Crossing the border with cash

Crossing the border with cash

Within the framework of the combat against money laundering, the EU has had rules since 2014 that oblige you to declare the 'liquid assets' that you carry with you when you cross the border. Declaration is mandatory as soon as you have more than 10.000 in cash with you. The existing regulation was further tightened in 2021.

Entering or leaving Europe

We must distinguish between roaming within the EU and crossing the EU's external borders (such as from the United Kingdom, Switzerland, the US, …).

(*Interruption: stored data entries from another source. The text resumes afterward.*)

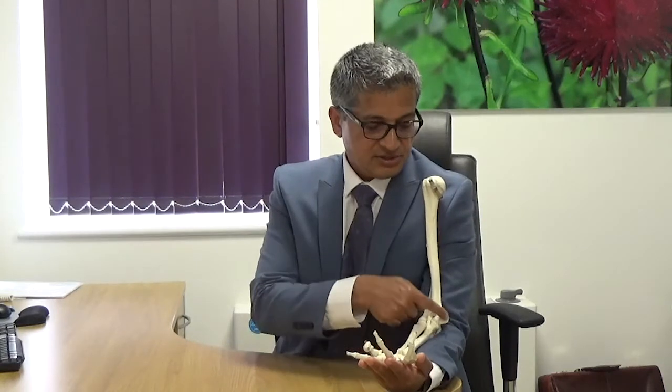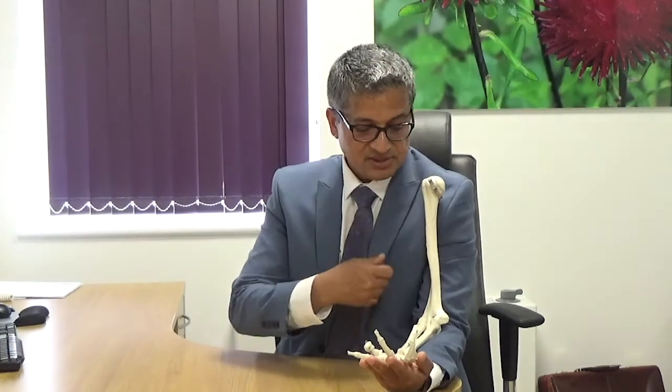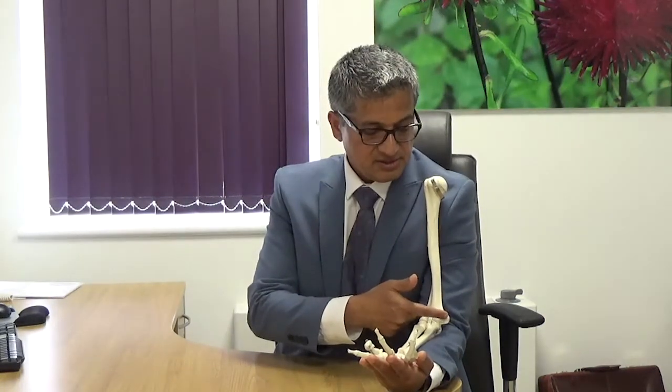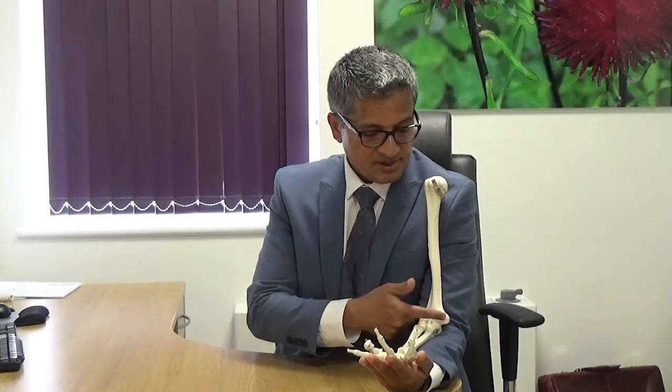There is a tendon that attaches to this bone which is involved in the extension movement of the wrist. This is the muscle that comes into play when a tennis player plays a backhand stroke. It was originally thought that only tennis players got tennis elbow when this tendon got inflamed over the lateral epicondyle — it's also called lateral epicondylitis.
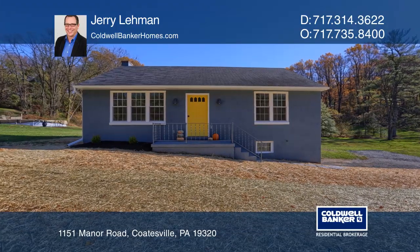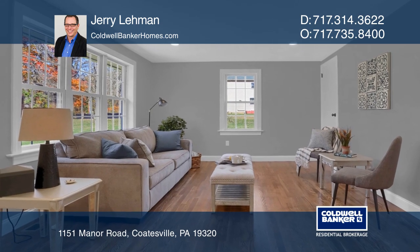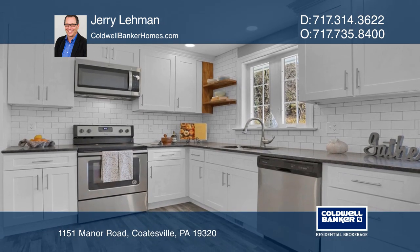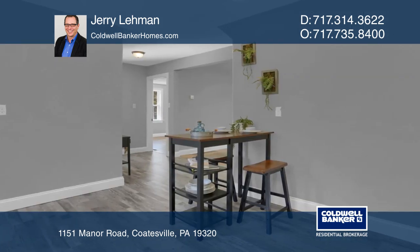Don't miss this completely renovated ranch home on an oversized lot with a country feel. This home has hardwood floors throughout. The brand new kitchen features granite countertops and stainless steel appliances, just perfect for entertaining.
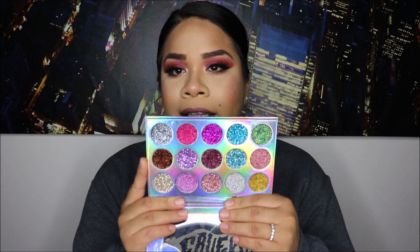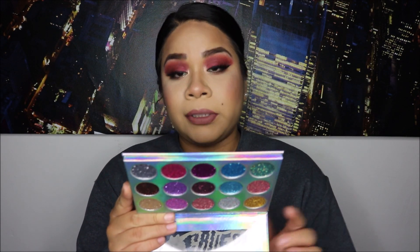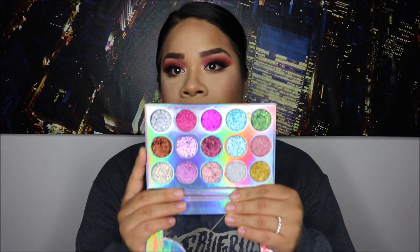We're gonna go ahead and get started with my pressed glitter palette. This is the only full-on palette that I have with pressed glitters and this is by Beauty Creations — it's the Unicorn Dream Glitter Palette, and this is what it looks like. It is gorgeous, I love this.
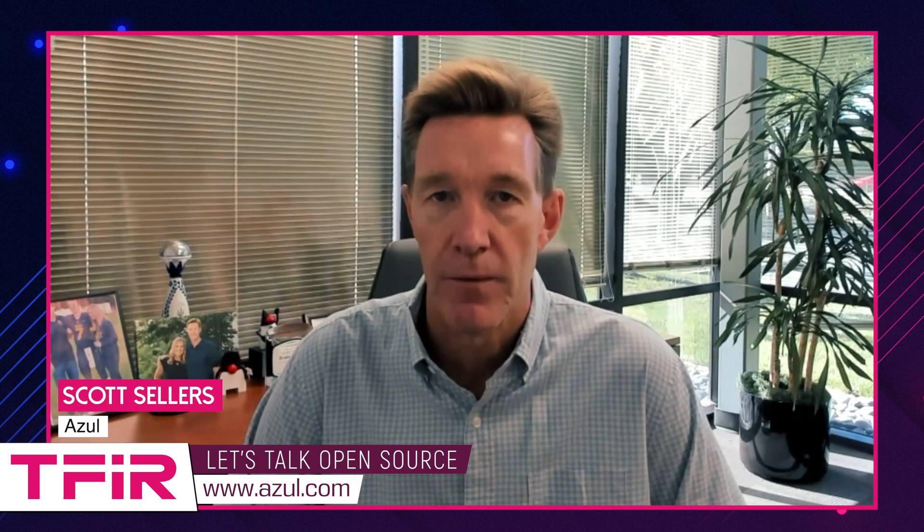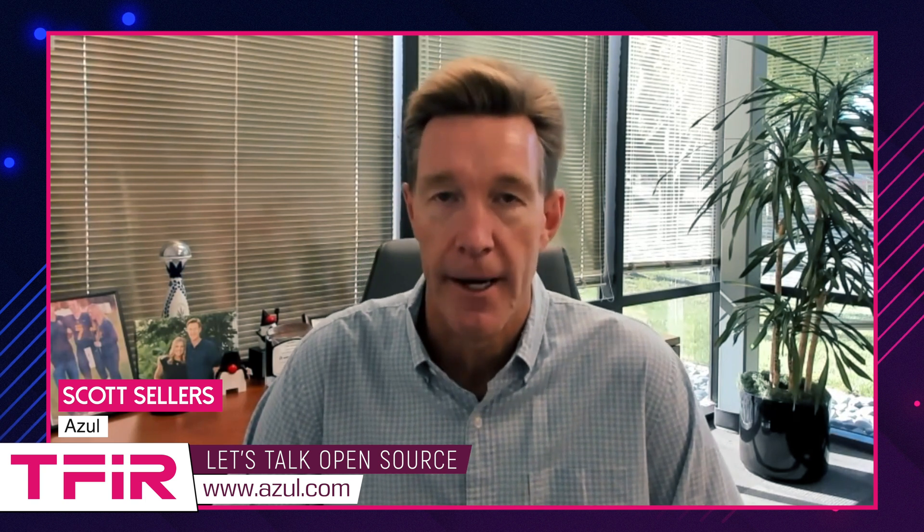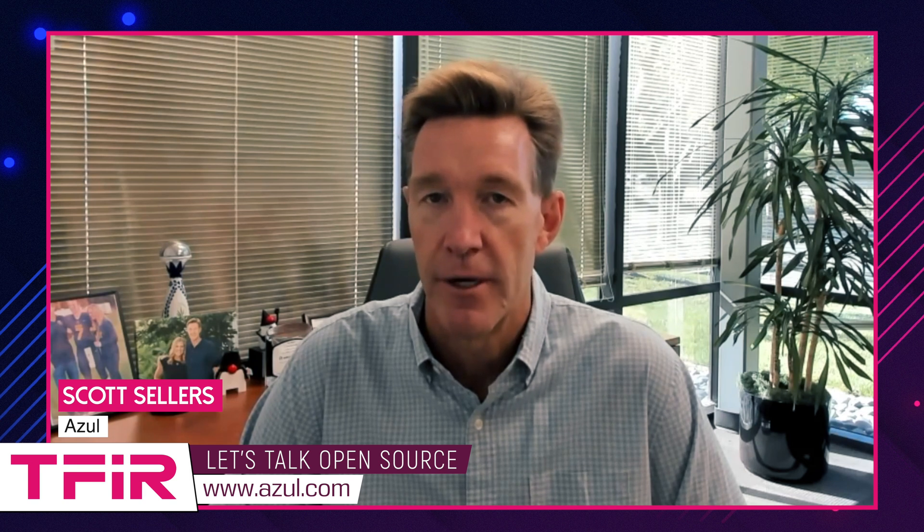Talk about the changes that Oracle is making to the pricing and licensing, which is leading to this whole migration. Absolutely. So that was one of the reasons our suspicion as to why users of Oracle Java were moving to OpenJDK alternatives was price. And the reason was because in January of 2023, Oracle announced a significant change to how Oracle Java is priced.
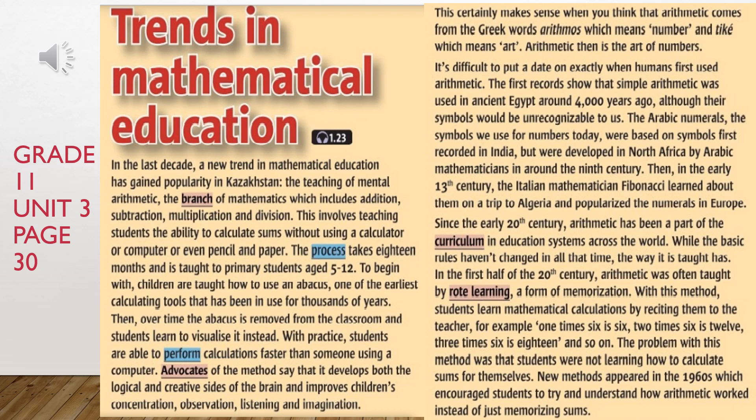To begin with, children are taught how to use an abacus, one of the earliest calculating tools that has been in use for thousands of years. Then, over time, the abacus is removed from the classroom and students learn to visualise it instead. With practice, students are able to perform calculations faster than someone using a computer.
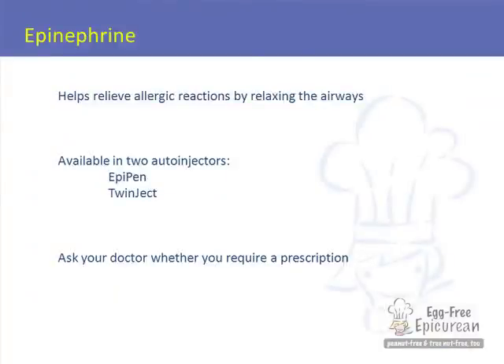Epinephrine is something that can be given in the event of an extreme allergic reaction, also known as anaphylaxis. Some people are used to hearing epinephrine referred to as a shot of adrenaline — it basically jumpstarts the system and possibly could get your child breathing again if circumstances got to be that extreme.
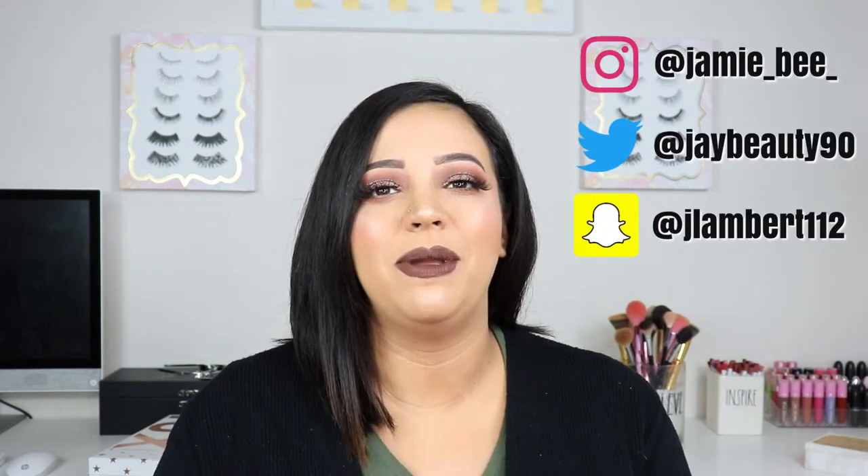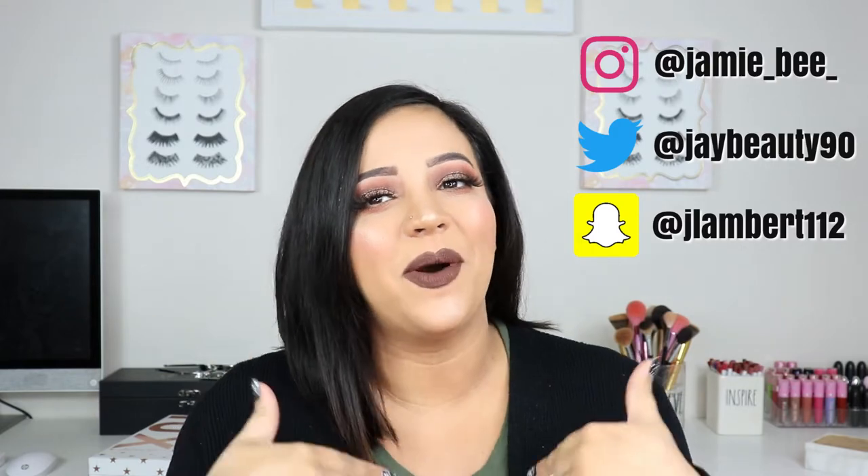Hey everyone, welcome to today's video. If you are new here, I'm Jamie B. Thanks for stopping by. If you are already subscribed, then welcome back. In today's video, I will be reviewing the new Tati Beauty eyeshadow palette and doing a holiday slash Thanksgiving makeup look. I'm really excited to share my thoughts and my opinion on this palette.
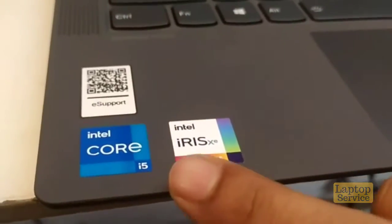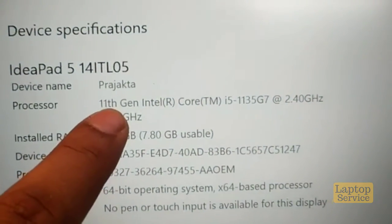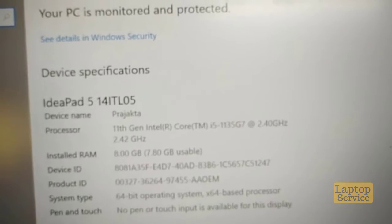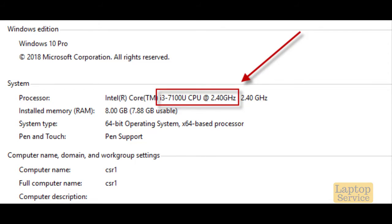Okay guys, this is the 11th gen processor laptop, i5 — it says it here, 11th gen, very clearly, 2.4 gigahertz. Just like my core i3, which is 2.4 gigahertz. But if you see my core i3, it is 7th gen and it is already 2.4, which just cost 60,000. The new laptop cost 1.4 lakh.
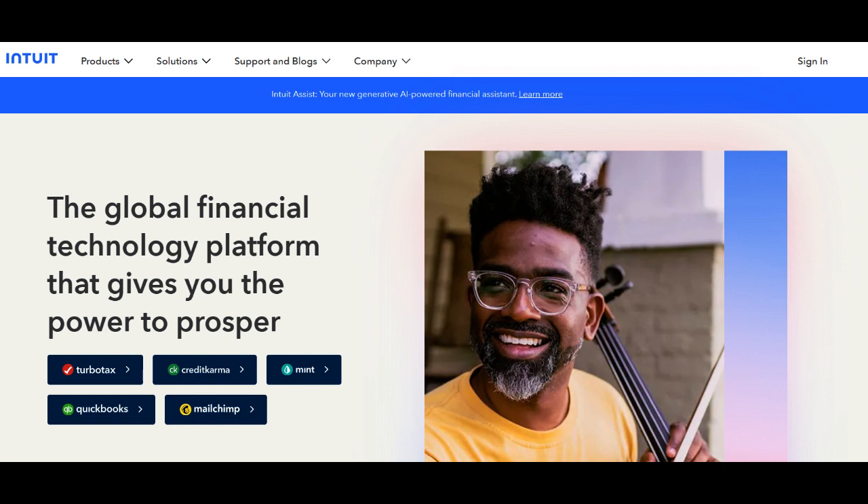However, there are some drawbacks to consider when using Intuit. The cost of some of their services can be relatively high, particularly for businesses requiring advanced features or multiple users. It's important to assess your budget and the specific needs of your business when considering Intuit.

When you cross the external borders of the EU – regardless of whether you enter or leave the EU – you must complete a 'cash declaration' as soon as you have 10.000 or more in your pocket. This does not only concern cash in the form of euro notes, but also its equivalent in other currencies, bonds, shares or travellers' cheques.

Customs is authorized to check you at the border and, in the event of non-declaration, to take the liquid assets found into custody.

On 3 June 2021, the rules became even stricter.
Firstly, the concept of 'liquid assets' was expanded. From now on, you must also submit a 'cash declaration' if you transport valuable objects with a value of 10.000 or more when entering or leaving the EU. After all, since 3 June, the declaration obligation applies to:

banknotes and coins (including expired currency that can still be exchanged at a financial institution)

banknotes and coins (including expired currency that can still be exchanged at a financial institution)

bearer negotiable instruments, such as cheques, travellers' cheques, promissory notes and money orders

gold coins with a gold content of at least 90%

gold bars or nuggets with a gold content of at least 99.5%.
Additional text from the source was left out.